-- GIVEN DATA follows --

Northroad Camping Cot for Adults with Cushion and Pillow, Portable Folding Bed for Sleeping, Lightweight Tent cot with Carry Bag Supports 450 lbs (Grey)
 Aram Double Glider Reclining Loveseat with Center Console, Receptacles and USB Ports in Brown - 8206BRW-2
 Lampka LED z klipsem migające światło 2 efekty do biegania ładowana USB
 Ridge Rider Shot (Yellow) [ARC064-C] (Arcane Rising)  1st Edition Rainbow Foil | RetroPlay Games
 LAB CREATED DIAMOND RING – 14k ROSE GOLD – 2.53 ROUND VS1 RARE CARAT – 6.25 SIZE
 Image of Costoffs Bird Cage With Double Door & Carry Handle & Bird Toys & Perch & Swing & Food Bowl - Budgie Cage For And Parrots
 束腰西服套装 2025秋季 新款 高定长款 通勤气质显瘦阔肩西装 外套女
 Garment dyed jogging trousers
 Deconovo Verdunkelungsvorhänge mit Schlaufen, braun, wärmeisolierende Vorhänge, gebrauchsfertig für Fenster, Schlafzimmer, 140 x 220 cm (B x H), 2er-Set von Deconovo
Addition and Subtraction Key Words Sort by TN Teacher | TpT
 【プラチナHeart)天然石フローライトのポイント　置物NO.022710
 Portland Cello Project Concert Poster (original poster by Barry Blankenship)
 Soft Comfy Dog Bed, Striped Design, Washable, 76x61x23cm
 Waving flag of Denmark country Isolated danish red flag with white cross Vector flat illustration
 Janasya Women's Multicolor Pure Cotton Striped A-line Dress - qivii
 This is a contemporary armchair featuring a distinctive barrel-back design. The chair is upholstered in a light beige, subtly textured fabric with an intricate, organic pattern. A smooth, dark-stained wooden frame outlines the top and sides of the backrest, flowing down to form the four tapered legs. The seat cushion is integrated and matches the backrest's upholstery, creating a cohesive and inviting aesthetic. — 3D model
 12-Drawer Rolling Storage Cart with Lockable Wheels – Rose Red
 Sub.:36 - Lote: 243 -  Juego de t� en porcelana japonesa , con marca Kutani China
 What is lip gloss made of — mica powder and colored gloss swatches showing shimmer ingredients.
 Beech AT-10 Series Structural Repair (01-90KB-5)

-- GIVEN DATA concluded --

■ **TASK ITEM**
Take every line from the data that contains the word "Striped".

■ **OUTPUT FOR THIS TASK**
 Soft Comfy Dog Bed, Striped Design, Washable, 76x61x23cm
 Janasya Women's Multicolor Pure Cotton Striped A-line Dress - qivii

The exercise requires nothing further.